Every entry below must be transcribed word for word, and the images must be left out.

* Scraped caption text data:

★ ★ ★

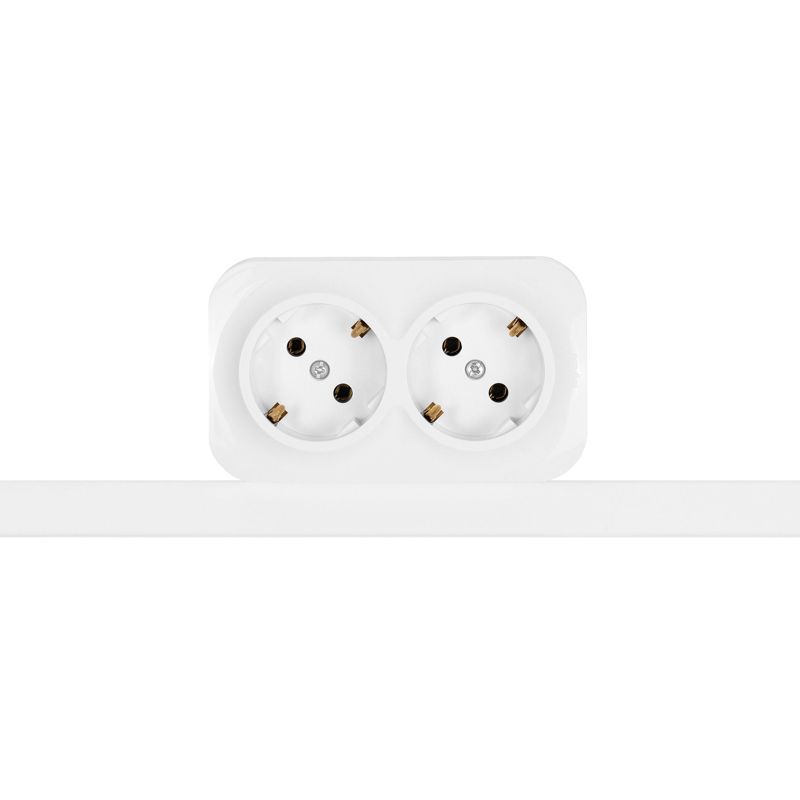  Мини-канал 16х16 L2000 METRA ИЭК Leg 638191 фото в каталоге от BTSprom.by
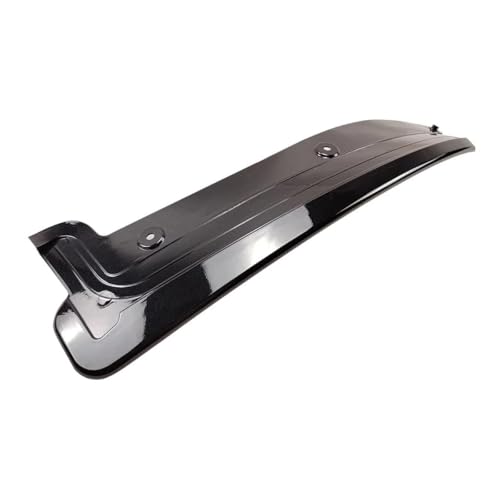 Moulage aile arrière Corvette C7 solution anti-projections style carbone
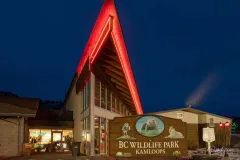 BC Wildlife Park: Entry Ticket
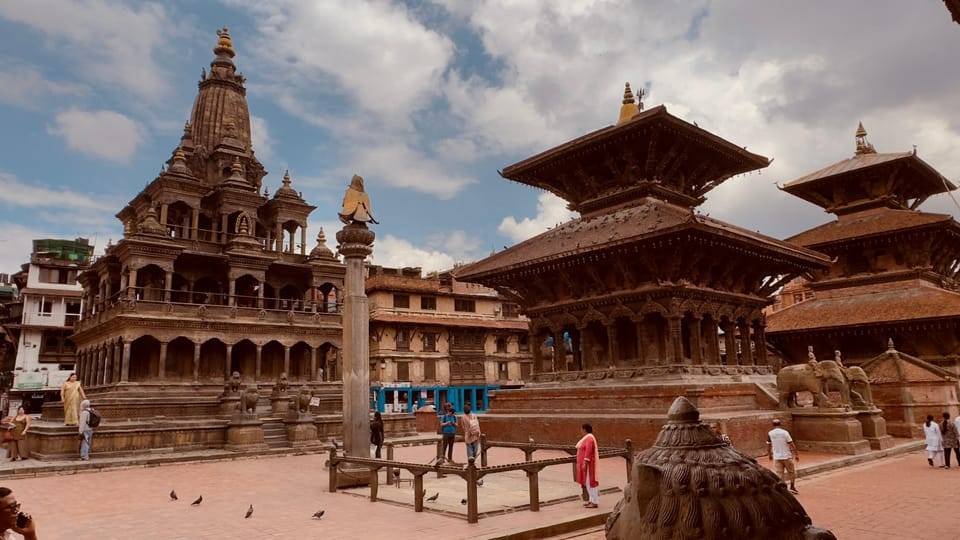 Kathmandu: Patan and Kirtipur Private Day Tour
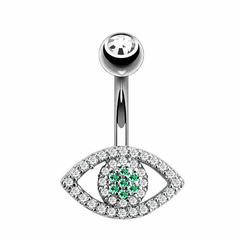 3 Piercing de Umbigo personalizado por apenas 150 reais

★ ★ ★

* ANSWER TO THE EXERCISE:
  Мини-канал 16х16 L2000 METRA ИЭК Leg 638191 фото в каталоге от BTSprom.by
 Moulage aile arrière Corvette C7 solution anti-projections style carbone
 BC Wildlife Park: Entry Ticket
 Kathmandu: Patan and Kirtipur Private Day Tour
 3 Piercing de Umbigo personalizado por apenas 150 reais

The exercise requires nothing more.